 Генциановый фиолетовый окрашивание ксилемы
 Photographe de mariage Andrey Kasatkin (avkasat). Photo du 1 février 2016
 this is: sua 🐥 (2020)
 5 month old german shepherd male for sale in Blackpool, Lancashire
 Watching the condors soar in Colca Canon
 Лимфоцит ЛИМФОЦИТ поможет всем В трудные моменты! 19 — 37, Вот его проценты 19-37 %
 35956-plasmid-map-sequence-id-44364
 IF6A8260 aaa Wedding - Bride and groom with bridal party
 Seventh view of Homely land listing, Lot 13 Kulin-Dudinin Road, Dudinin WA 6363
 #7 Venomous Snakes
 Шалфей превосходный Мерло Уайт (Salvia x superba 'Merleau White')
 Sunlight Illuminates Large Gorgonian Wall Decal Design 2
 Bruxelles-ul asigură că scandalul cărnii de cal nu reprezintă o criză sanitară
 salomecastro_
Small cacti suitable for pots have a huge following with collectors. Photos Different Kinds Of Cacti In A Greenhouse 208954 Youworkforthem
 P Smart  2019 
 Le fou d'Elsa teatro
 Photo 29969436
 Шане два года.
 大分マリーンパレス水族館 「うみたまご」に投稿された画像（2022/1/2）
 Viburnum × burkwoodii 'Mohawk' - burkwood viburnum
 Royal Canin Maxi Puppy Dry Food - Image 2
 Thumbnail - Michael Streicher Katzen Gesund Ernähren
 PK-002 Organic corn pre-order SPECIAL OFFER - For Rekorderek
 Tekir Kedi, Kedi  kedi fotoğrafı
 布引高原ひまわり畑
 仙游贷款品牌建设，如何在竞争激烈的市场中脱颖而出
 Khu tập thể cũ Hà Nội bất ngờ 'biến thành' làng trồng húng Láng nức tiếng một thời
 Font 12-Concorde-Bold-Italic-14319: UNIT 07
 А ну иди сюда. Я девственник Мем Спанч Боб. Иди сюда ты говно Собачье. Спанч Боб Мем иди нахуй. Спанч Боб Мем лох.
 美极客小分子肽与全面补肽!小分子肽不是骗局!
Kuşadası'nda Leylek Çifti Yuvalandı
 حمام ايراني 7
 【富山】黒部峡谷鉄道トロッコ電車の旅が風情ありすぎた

#### [PROBLEM TO WORK ON]
All lines of the data that hold "with" need to be copied.

#### [SOLVED EXERCISE]
 IF6A8260 aaa Wedding - Bride and groom with bridal party
Small cacti suitable for pots have a huge following with collectors. Photos Different Kinds Of Cacti In A Greenhouse 208954 Youworkforthem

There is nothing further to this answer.